Prompt: http://siobhanmuir.blogspot.com/2015/02/thursthreads-tying-tales-together-week.html

“That’s five hundred for me…, three, four, five, and three hundred for you.” I counted the bills out on the back of an overturned milk crate, used as a makeshift desk in my ‘office.’ “That makes us even.”

Tommy wasn’t great at math, but even someone of his limited mental powers could tell the difference between five and three. “How do you figure? I thought we were going halfsies.”

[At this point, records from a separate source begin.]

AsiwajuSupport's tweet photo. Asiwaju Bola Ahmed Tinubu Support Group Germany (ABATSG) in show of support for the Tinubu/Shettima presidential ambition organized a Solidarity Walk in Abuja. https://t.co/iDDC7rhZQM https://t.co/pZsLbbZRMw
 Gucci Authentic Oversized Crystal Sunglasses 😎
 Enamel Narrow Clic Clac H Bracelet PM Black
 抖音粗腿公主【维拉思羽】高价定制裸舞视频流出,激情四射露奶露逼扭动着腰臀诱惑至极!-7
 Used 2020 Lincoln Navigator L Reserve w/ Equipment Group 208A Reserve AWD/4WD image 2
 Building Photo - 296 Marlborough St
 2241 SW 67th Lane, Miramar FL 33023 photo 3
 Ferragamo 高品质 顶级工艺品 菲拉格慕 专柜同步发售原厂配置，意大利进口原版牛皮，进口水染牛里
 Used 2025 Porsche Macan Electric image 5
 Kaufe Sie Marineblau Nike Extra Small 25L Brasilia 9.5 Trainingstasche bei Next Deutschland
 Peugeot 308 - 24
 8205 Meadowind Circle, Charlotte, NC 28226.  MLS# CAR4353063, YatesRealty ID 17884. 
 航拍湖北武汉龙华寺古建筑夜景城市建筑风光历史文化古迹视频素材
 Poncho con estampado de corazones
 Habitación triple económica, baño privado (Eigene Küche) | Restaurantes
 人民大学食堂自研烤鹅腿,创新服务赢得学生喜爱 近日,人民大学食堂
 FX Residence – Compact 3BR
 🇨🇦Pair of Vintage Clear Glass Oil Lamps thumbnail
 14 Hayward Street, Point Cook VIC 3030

“Because it was my plan, and I’m the older one. I’ll get in more trouble if we get caught, so I get more of the money.”

“But…”

I scooted over, putting my arm around his shoulders. “Big Tom,” I began, because he always loved to be called big. “What are you going to use the money for?”

The smile on his face was instantaneous. “A new bike! There’s a bright red one down at Old Man Johnson’s. It’s got white-wall’d triers and a silver horn that honks like a geese, and…”

“And how much is that bike?”

“Old Man Johnson wants twenty dollars for it, which is why mamma said no.”

“And now you have three hundred, and mamma can’t say nothin’ no more, can she? But I don’t need a twenty dollar bike, do I?”

Tommy smile vanished, and his head hung. “No. You need medicine, don’t you?”

“I do, and it’s super-important. Mamma didn’t understand that, but you do. So, are we square?”

Tommy hugged me. “We’re square.”

Poor kid. I probably should have only given him two hundred.